Since we’ve generated a number of versions of the C.bairdi transcriptome, we’ve decided to compare them using various metrics. Here, I’ve compared the BUSCO scores generated for each transcriptome using BUSCO’s built-in plotting script. The script generates a stacked bar plot of all BUSCO short summary files that it is provided with, as well as the R code used to generate the plot.

This was run on Mox with the following script (GitHub):

busco_comparison_plotting.sh

RESULTS

Output folder:

20200528_cbai_transcriptome_busco_comparisons

Here’s a table to help see which libraries contribute to each of the transcriptomes:

assembly_name	arthropoda_only(y/n)	library_01	library_02	library_03	library_04
cbai_transcriptome_v1.0.fasta	y	2018	2019	NA	NA
cbai_transcriptome_v1.5.fasta	y	2018	2019	2020-GW	NA
cbai_transcriptome_v1.6.fasta	y	2018	2019	2020-GW	2020-UW
cbai_transcriptome_v1.7.fasta	y	2018	2019	2020-UW	NA
cbai_transcriptome_v2.0.fasta	n	2018	2019	2020-GW	2020-UW
cbai_transcriptome_v3.0.fasta	n	2018	2019	2020-UW	NA

Unsurprisingly, we see a high amount of duplicated BUSCOs in these results. Why is this unsurprising? This is not surprising because we looked at BUSCO results using the full Trinty transcriptome FastAs. These FastAs include all isoforms for any given gene. As such, the presence of the isoforms will lead to a large increase in duplicated (and fragmented) BUSCOs.

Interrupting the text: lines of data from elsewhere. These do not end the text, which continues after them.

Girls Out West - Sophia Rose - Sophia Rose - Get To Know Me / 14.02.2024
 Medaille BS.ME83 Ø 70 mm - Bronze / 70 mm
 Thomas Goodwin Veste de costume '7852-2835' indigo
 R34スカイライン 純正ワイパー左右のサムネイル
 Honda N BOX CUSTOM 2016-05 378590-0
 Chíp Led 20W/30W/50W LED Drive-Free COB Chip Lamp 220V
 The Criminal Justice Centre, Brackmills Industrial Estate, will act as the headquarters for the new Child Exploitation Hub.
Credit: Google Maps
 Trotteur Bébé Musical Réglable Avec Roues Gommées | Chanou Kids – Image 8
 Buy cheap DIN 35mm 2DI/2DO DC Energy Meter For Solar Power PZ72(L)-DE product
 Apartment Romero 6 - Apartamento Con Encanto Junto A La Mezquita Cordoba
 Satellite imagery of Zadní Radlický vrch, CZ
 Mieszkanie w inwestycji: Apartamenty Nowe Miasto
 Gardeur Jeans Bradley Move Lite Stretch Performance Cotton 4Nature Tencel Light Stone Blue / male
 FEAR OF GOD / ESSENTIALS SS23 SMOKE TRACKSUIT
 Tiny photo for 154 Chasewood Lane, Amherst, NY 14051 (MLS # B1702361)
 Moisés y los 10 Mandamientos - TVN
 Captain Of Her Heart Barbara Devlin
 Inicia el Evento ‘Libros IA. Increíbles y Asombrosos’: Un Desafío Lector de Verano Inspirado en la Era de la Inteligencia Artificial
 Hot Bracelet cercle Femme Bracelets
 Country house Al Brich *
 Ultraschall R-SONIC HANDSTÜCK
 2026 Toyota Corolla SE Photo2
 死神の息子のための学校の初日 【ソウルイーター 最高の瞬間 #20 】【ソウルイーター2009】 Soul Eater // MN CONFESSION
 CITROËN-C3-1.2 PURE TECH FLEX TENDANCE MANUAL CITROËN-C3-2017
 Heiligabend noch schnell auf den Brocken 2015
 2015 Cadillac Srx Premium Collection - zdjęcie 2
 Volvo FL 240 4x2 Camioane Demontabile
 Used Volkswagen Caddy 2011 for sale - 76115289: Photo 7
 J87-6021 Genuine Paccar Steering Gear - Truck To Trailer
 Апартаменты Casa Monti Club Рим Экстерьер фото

Also, we see that transcriptomes v2.0 & v3.0 show the highest amounts of duplicated BUSCOs, compared with the other three. This is likely due to the fact that these two assemblies have not been subjected to taxonomic filtering, so BUSCOs are likely being identified from multiple organisms (e.g. Hematodinium sp.) that would be present.

I’ll extract just the genes from each of the assemblies and re-run BUSCO and subsequent comparisons to see how they look.